- Exercise goal -
In your copy, drop the images and return each record exactly as it stands.

[Dataset records Boundary: Start]

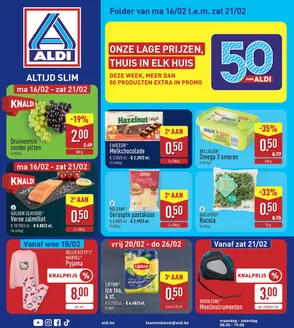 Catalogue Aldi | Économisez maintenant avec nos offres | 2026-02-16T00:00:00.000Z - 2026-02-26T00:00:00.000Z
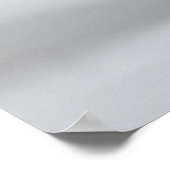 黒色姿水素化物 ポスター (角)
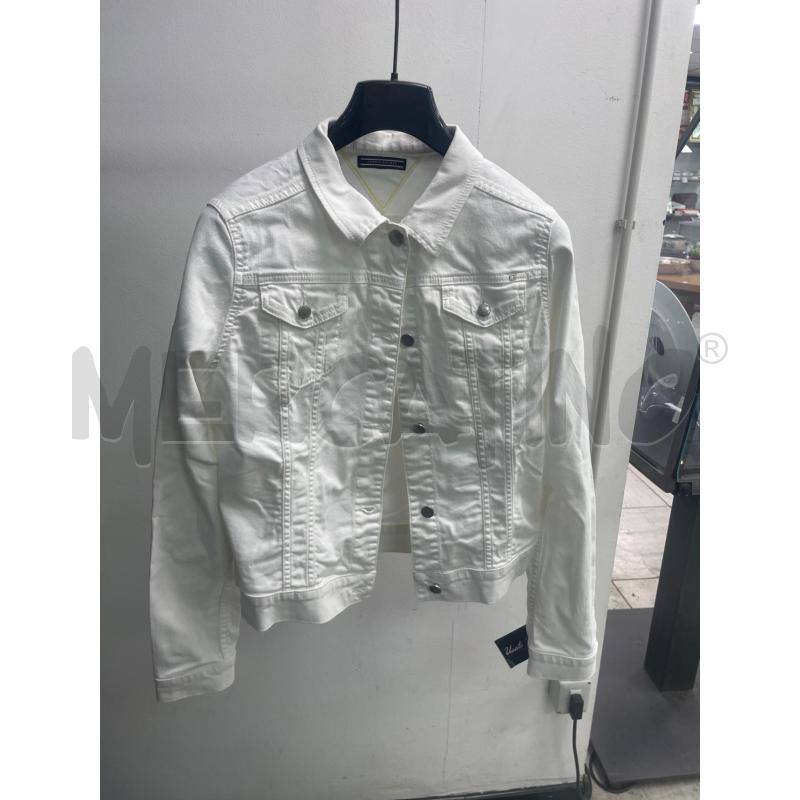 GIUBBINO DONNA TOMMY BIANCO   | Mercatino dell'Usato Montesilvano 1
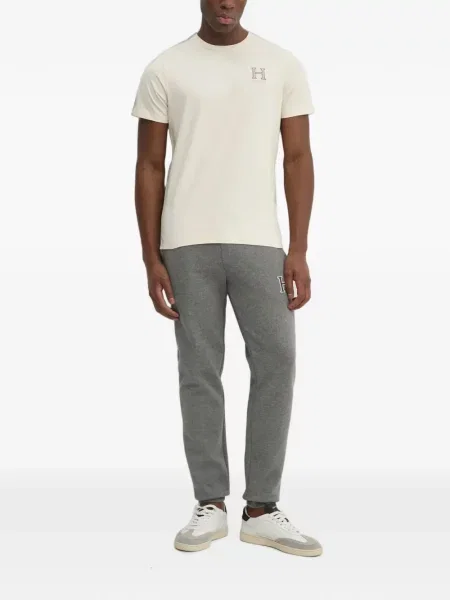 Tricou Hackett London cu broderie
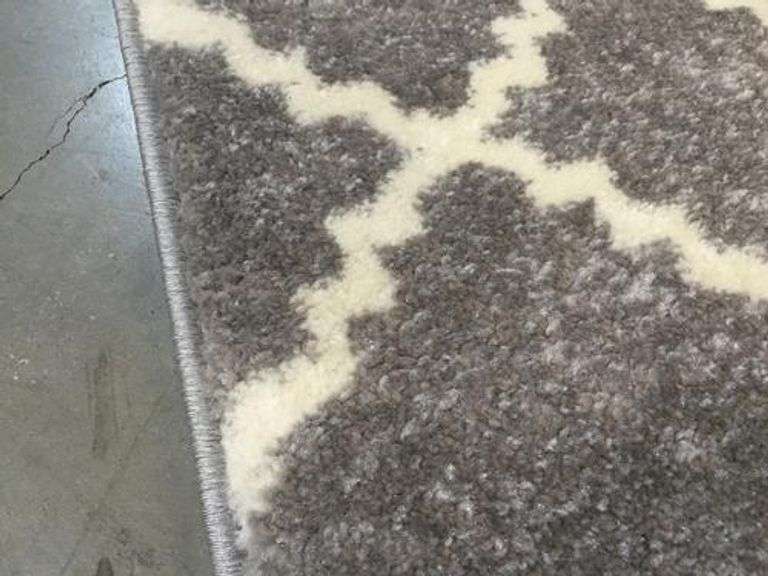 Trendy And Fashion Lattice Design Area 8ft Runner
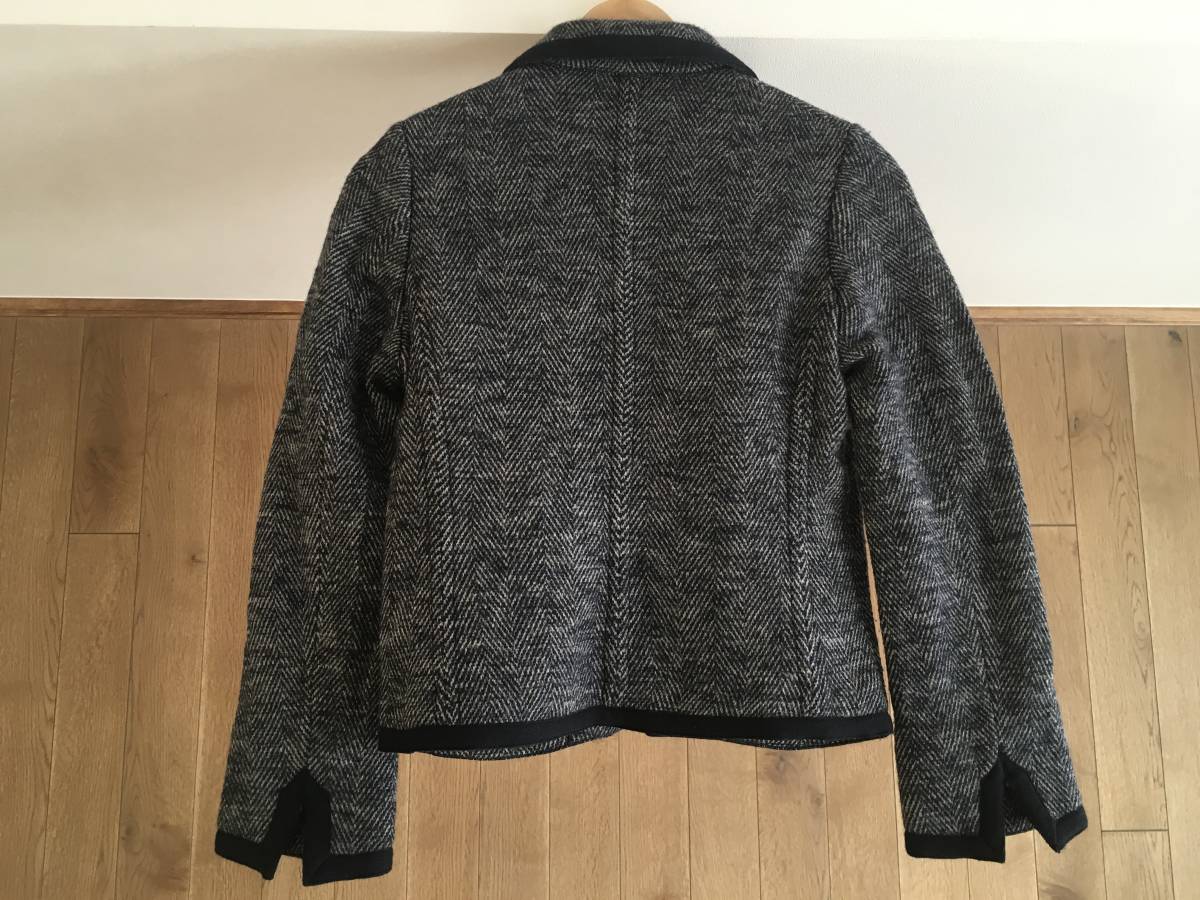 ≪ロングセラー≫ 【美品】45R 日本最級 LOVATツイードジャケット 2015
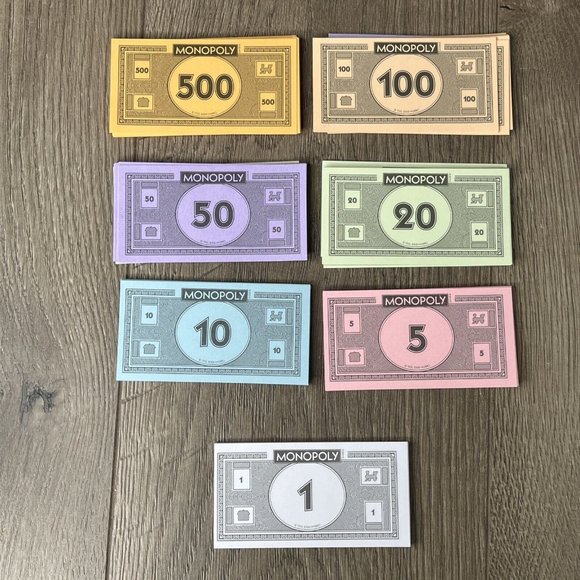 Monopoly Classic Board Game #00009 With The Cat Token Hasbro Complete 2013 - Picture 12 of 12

[Dataset records Boundary: End]

- Your solution -
 Catalogue Aldi | Économisez maintenant avec nos offres | 2026-02-16T00:00:00.000Z - 2026-02-26T00:00:00.000Z
 黒色姿水素化物 ポスター (角)
 GIUBBINO DONNA TOMMY BIANCO   | Mercatino dell'Usato Montesilvano 1
 Tricou Hackett London cu broderie
 Trendy And Fashion Lattice Design Area 8ft Runner
 ≪ロングセラー≫ 【美品】45R 日本最級 LOVATツイードジャケット 2015
 Monopoly Classic Board Game #00009 With The Cat Token Hasbro Complete 2013 - Picture 12 of 12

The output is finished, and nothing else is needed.